In an unsigned editorial, the conservative Montreal-based Gazette wrote (9/18): "Whether the words now agreed to by the 191-member UN will mean anything when the time comes to commit soldiers and material remains to be seen. But it is a major step forward for the UN membership to recognize formally that the human rights of citizens must trump the sovereign rights of governments. So many of the other goals the UN wanted to achieve were sensible, necessary and achievable...until they hit the wall of intractable self-interest.... It is a disgrace that the UN has allowed chronic human-rights abusers to chair its Human Rights Commission.... The definition of terrorism...should have been resolved at last week’s meeting.... The real split at the UN is the usual one: between developing countries and the developed world.... But among the dashed hopes of a 60th-anniversary reform of the UN, the most serious was the failure to set a real timetable for helping the developing world out of poverty.... This is the heart of the matter. A definition of terrorism is only a step toward the end goal, which is the establishment of a more equitable world, free from exploitation and deadly poverty.... Progress has been unconscionably slow in eliminating tariffs on imports from the world’s poorest economies. Agricultural subsidies in the West have yet to be dismantled even though they harm small farmers and a fledging private sector in poor countries.

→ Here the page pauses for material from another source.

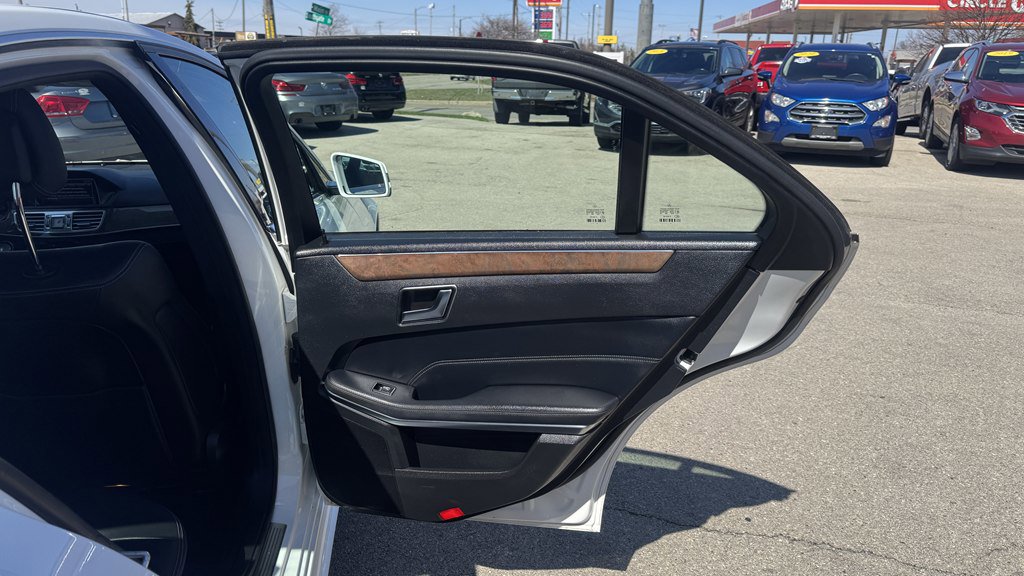 Used 2014 Mercedes-Benz E 350 4MATIC Sedan image 25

All in all, not a stunning achievement."
"Cautious UN Reform"
The centrist Winnipeg Free Press opined (9/16): "UN Secretary General Kofi Annan thought that the package of proposals to reform the organization that was presented to the summit of world leaders...was a disgraceful disappointment.... Unfortunately, two of his major suggestions involved giving more power to his own office and expanding the number of permanent members of the Security Council.... U.S. President George Bush, on the other hand, thought the reform package was just jim-dandy. But Mr. Bush does not much like the UN, and has made it clear that his government will not be bound nor governed by it when international tendencies conflict with U.S. interests. Mr. Bush's new envoy to the UN, John Bolton...previously subverted Mr. Annan's reform package by proposing more than 700 amendments to it.... The dilution of Mr. Annan's reform package was...broadly supported.... Responsibility to Protect...gives the United Nations the right and the responsibility to use military force to intervene when a government refuses or is unable to prevent genocide, war crimes or human rights violations against its own people. This is a major step forward, if it is ever used the way it is intended.... Canada has given the UN a tool to stop it [genocide in Darfur]...but, a tool is of no use unless the will to use it also exists. That is where the UN truly needs reforming."
"The U.N. Fails To Lead"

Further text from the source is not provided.